[Records to use Boundary: Start]
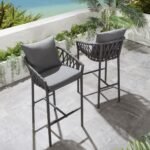 Adelina Outdoor Patio Bar Chair 2 Chairs For Balcony Braided & Rope - Image 2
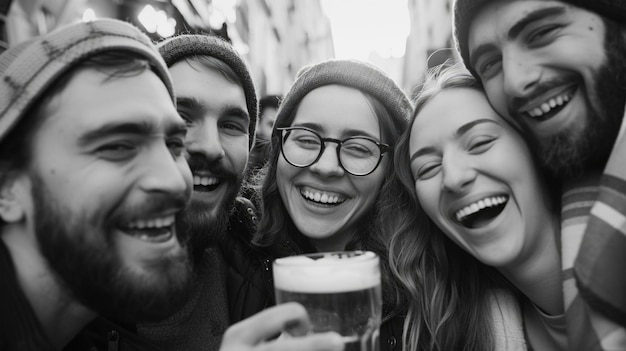 Photo people taking a photo together with a cold beer great for social media or advertising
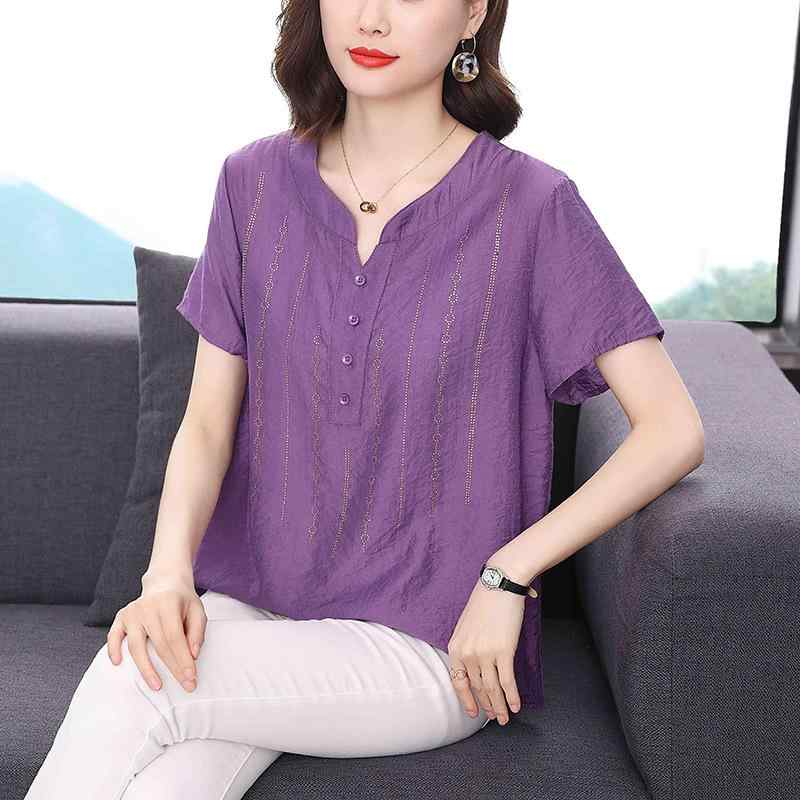 Tシャツ レディース ママ ミセス 半袖 春夏 ゆったり ルーズフィット 体型カバー お腹カバー Vネック プルオーバー 再生繊維 幾何学模様 ラインストーン 立体デザイン パープル 上品 きれいめ カジュアル 通勤 オフィス 普段使い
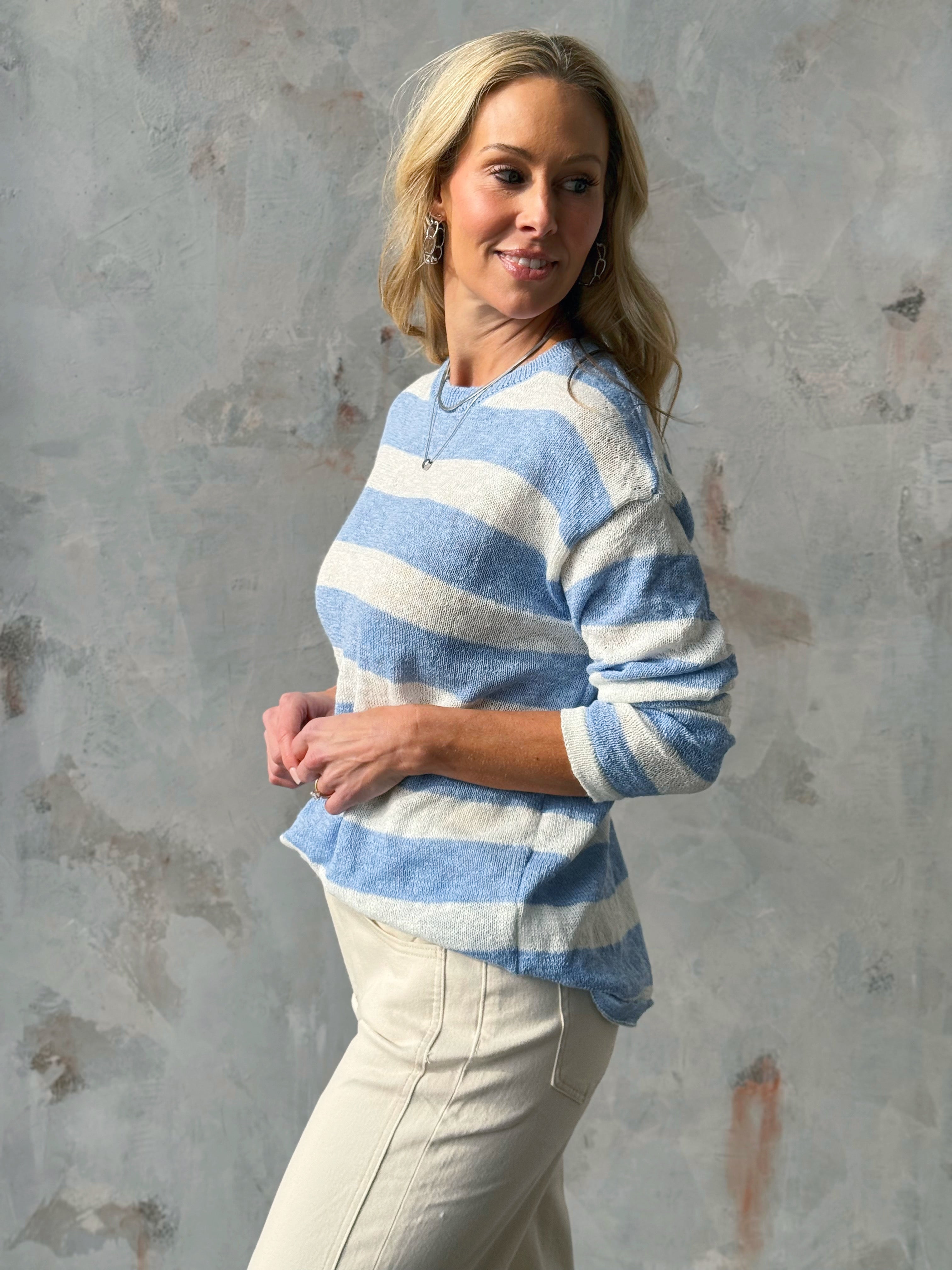 Sea Breeze Sweater - LIGHT BLUE/WHITE - willows clothing SWEATER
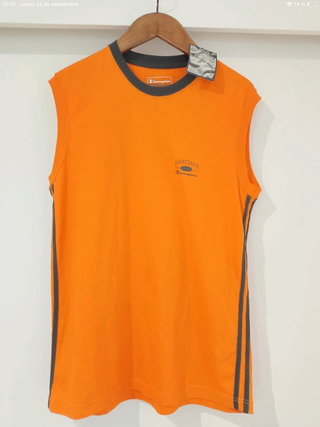 Camiseta sin mangas Champion naranja Talla L retro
[Records to use Boundary: End]
__Problem to solve__
From the line with "Tシャツ レディース ママ" down to the end of the entries, retype each line exactly as written, but drop the pictures.

__Answer for this exercise__
 Tシャツ レディース ママ ミセス 半袖 春夏 ゆったり ルーズフィット 体型カバー お腹カバー Vネック プルオーバー 再生繊維 幾何学模様 ラインストーン 立体デザイン パープル 上品 きれいめ カジュアル 通勤 オフィス 普段使い
 Sea Breeze Sweater - LIGHT BLUE/WHITE - willows clothing SWEATER
 Camiseta sin mangas Champion naranja Talla L retro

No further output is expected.